Figure 1: Example of FCAW-G Welding
Regarding the second issue, using more than the recommended percentage of argon in the mixed shielding gas can result in higher than expected weld metal tensile strength. First, note that per the AWS filler metal specification, an AWS E71T-12M-JH8 classified electrode (i.e., “T-12” electrode) not only has a minimum tensile strength requirement of 70,000 psi or 70 ksi (483 MPa), it also has a maximum tensile strength requirement of 90,000 psi or 90 ksi (620 MPa). Electrodes with two other very common “T-1” and “T-9” classifications (e.g. E71T-1M / E71T-9M), have a minimum tensile strength requirement of 70 ksi (483 MPa) and maximum tensile strength requirement of 95 ksi (655 MPa).
Second, note the affect that each type of shielding gas has on the deposited weld metal chemistry. CO2 is an active (i.e. reactive) gas. It will react with or “burn up” some of the alloy from the electrode in the arc, resulting in less alloy recovery in the weld metal. This in turn results in a slight decrease in the weld metal’s yield and tensile strength. On the other hand, argon is an inert (i.e., non-reactive) gas. It does not react with the alloys from the electrode in the arc. Therefore, the greater the percentage of argon in an Ar/ CO2 shielding gas mix, the greater the alloy recovery from the electrode in the weld deposit. And the more alloy recovery in the weld deposit, the higher its resulting yield and tensile strengths. This affect can be seen in the published literature of a “dual” type gas-shielded, flux-cored electrode which is designed for use with both 100% CO2 and an Ar/ CO2 mix. Table 1 shows the typical weld deposit composition and mechanical properties of such an electrode. Note the differences, in particular, between manganese (Mn) and silicon (Si) levels, as well as yield and tensile strength between the weld deposits made using 100% CO2 shielding gas and those using 75% Ar / 25% CO2 shielding gas.
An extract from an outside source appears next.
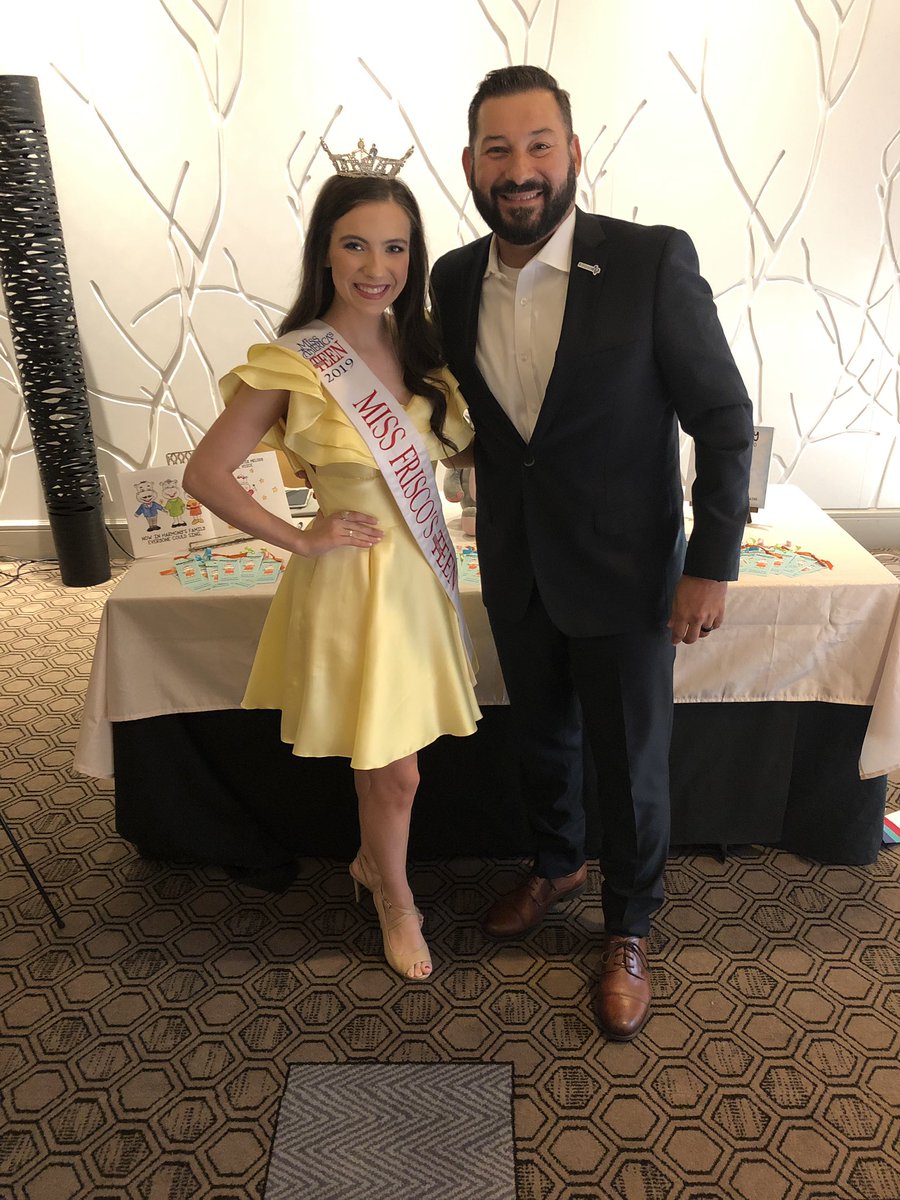 MG0875's tweet photo. Got the opportunity to meet @lexirains last night. She’s Ms. Frisco Teen and has just released a children’s book. Harmony The Hippo!  Check it out if you get a chance. Has a great message. Overcome your fears &amp; follow your heart! #musicmatters #WeLeadTX @BelindaKNeal. https://t.co/tGJVhb9wFB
Table 1: Deposition composition and mechanical properties results of a typical gas-shielded flux-cored wire designed for use with both CO2 and an Ar/CO2 blend.
Manufacturers of gas-shielded, flux-cored electrodes carefully control the alloy levels in their products such that when used with their recommended percentages of argon in a mixed shielding gas, the resulting yield and tensile strengths of the weld metal will be within the electrode’s allowable minimum and maximum range. However, if you use a higher percentage of argon then recommended, there will be more alloy recovery in the weld metal, resulting in higher strength levels. In general, as the weld metal's tensile strength increases, it becomes less ductile (i.e., more rigid) and therefore more sensitive to cracking as the weldment cools. An additional preheating operation may then be necessary to help reduce the tendency for solidification cracking issues.
Now for a particular welding application, there may be no maximum weld strength requirement. That decision is up to the design engineer for that particular welding application. However, in general, it is not recommended to exceed a gas-shielded, flux-cored electrode manufacturer’s recommendation for maximum percentage of argon used in the mixed shielding gas. With the proper Ar/ CO2 shielding gas mix, the electrode should produce a weld deposit with the specified minimum tensile strength. Using a higher percentage of argon, with a resulting increase in the weld metal’s tensile strength, provides no additional value. However, it does potentially increase the chances of weld cracking issues. For your particular electrode, the recommendation would be to not use a shielding gas with more than 80% argon.